È in questo quadro che si inserisce il disegno di legge sui criteri di installazione di nuovi apparecchi di SLOT o VLT e in genere dei giochi con vincita in denaro sottoscritto da 51 senatori con prima firmataria la senatrice trevigiana Sonia Fregolent. La proposta di legge, presentata in Senato il 18 febbraio scorso, aspetta ora di essere incardinata nella commissione competente.

Il disegno di legge vieta “l’apertura di qualsiasi nuova sala giochi con apparecchi con vincita di denaro e di qualsiasi sala di raccolta scommesse e la collocazione di qualsiasi ulteriore apparecchio per il gioco d’azzardo lecito e di qualsiasi ulteriore sistema di VTL in locali che si trovino ad una distanza minore di 500 metri dai luoghi sensibili e minore di 100 metri dai luoghi che commercializzano denaro, oro o oggetti preziosi” . L’orario di accesso a tali attività è limitato nella fascia 8-22 di tutti i giorni della settimana.

La provincia di Treviso è infatti da anni in prima linea sul contrasto alle ludopatie e al gioco d’azzardo patologico, grazie al lavoro intenso fatto dall’Associazione dei Comuni della Marca Trevigiana, che nel 2017 ha elaborato e fatto sottoscrivere ai primi cittadini il “Manifesto dei sindaci della Marca Trevigiana per l’attuazione di azioni di prevenzione del fenomeno del gioco d’azzardo e della ludo dipendenza” con lo scopo di creare, attraverso la sua approvazione nei consigli comunali o nelle giunte, un fronte comune a contenimento di un fenomeno sociale in allarmante crescita e a difesa dei soggetti più deboli.

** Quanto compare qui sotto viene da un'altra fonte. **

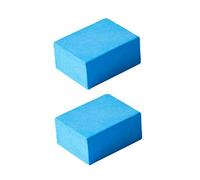 CALLARON 2pcs Blue Cleaning Sponges Made of Synthetic Material for Bathroom and Pan Cleaning Compact Design Suitable for Washing Windows and Mirrors
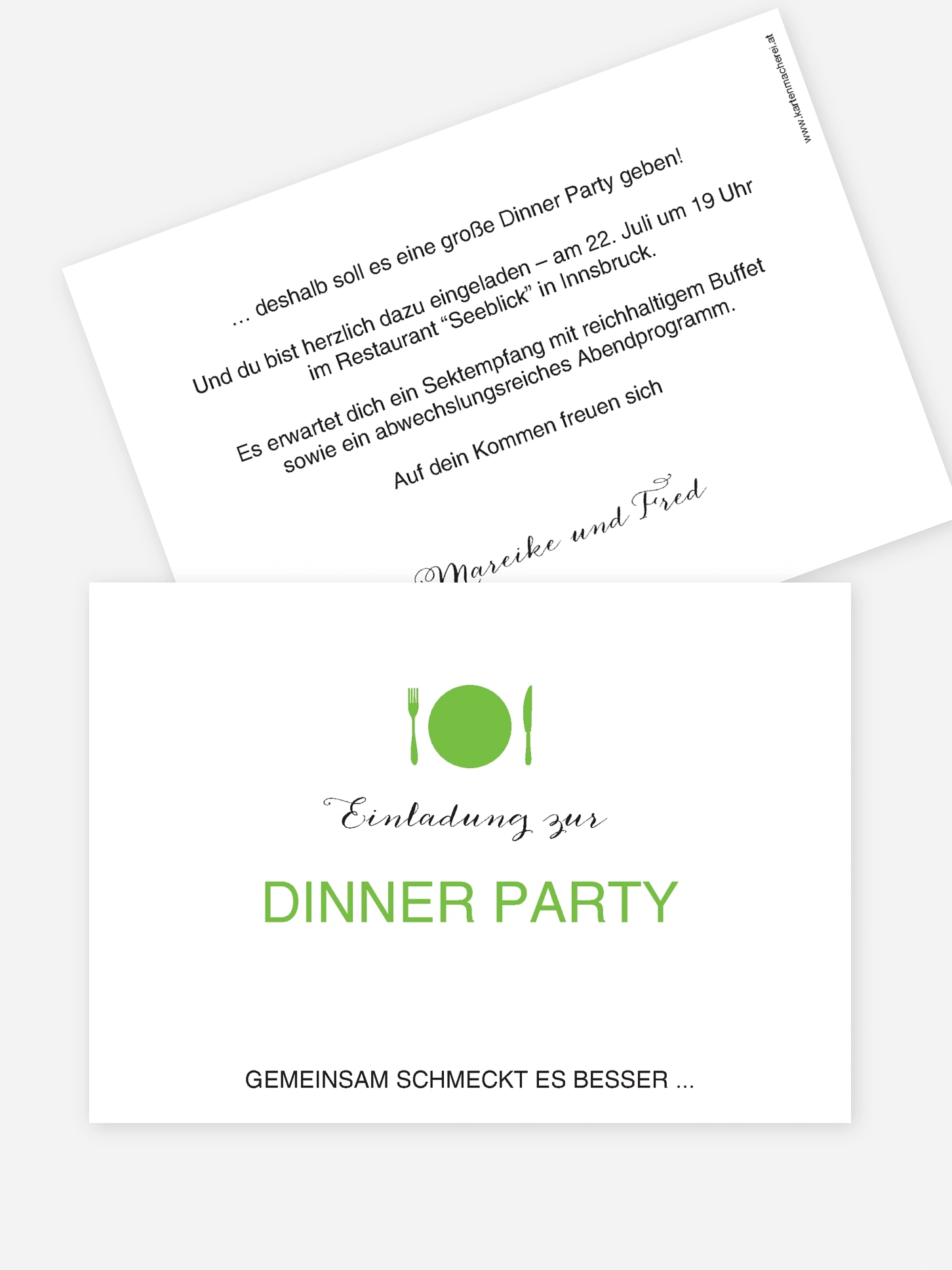 Partyeinladung Dinnerparty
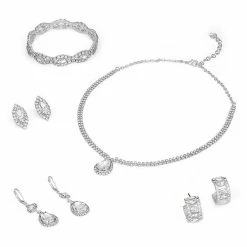 Napier Silver Tone Dazzle C Hoop Earrings -Napier Sales Store unnamed file 771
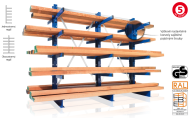 Konzolový regál MULTISTRONG M - obojstranný prístavný 75137 - 2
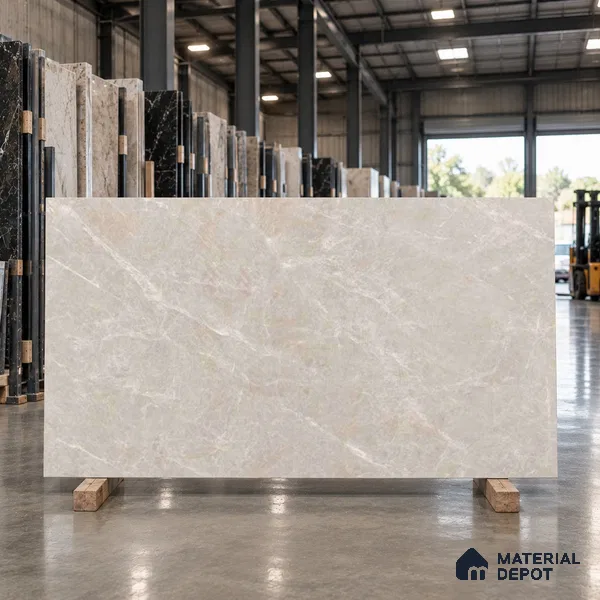 Marbles & Stones Floor Tile TL 12172 Provenza Grey Endless 6 ft x 4 ft Matte Finish Vitrified Tile - 9 mm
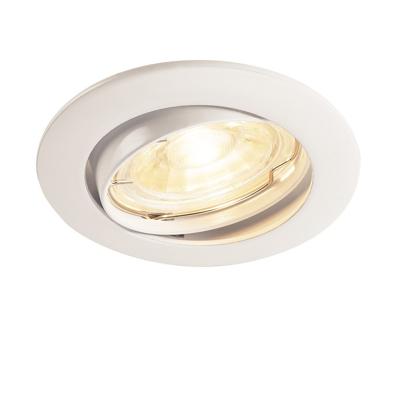 SLV Richtbare inbouwspotPika GU10 8,3cm rond wit - 1000718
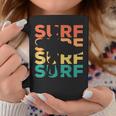 Retrointage Surfing For Surfer And Wave Rider Tassen Lustige Geschenke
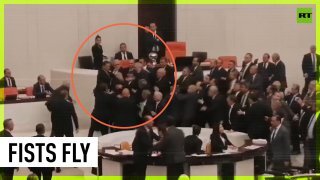 Fight breaks out in Turkish parliament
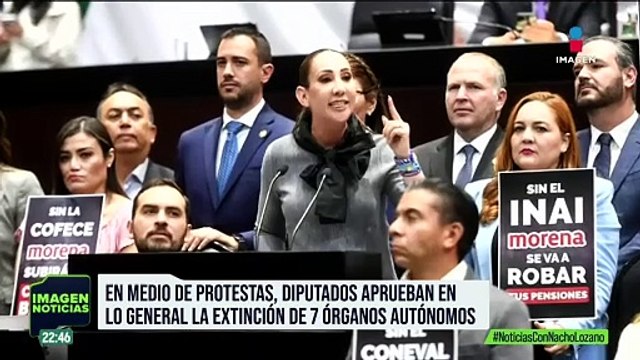 Diputados de Morena, el PT y el PVEM aprueban en lo general la extinción de 7 órganos autónomos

I Sindaci, attraverso quel Manifesto, chiedevano che venisse approvata una legge nazionale per la riduzione dell’offerta e il contenimento degli accessi e leggi regionali sulla cura dei giocatori patologici e a sostegno delle iniziative degli enti locali; di poter avere potere di ordinanza sugli orari di apertura delle sale gioco e sulle distanze dai luoghi sensibili (scuole, oratori, centri sportivi…); di poter avere parere preventivo e vincolante sull’installazione di apparecchi di intrattenimento.

A seguito di quella campagna di sensibilizzazione, molti Comuni della Marca Trevigiana hanno già approvato il regolamento e la relativa ordinanza (su schemi preparati dall’Associazione Comuni) per regolamentare l’accesso alle sale giochi, sale videolottery (VLT), sale scommesse.

Tra i primi ad aver creduto in questa battaglia, con iniziative intraprese già dal 2015, è stato il Comune di San Fior, che vanta anche la vittoria al TAR nei confronti di un privato che aveva fatto ricorso contro l’ordinanza che limita gli orari di funzionamento degli apparecchi con vincita in denaro.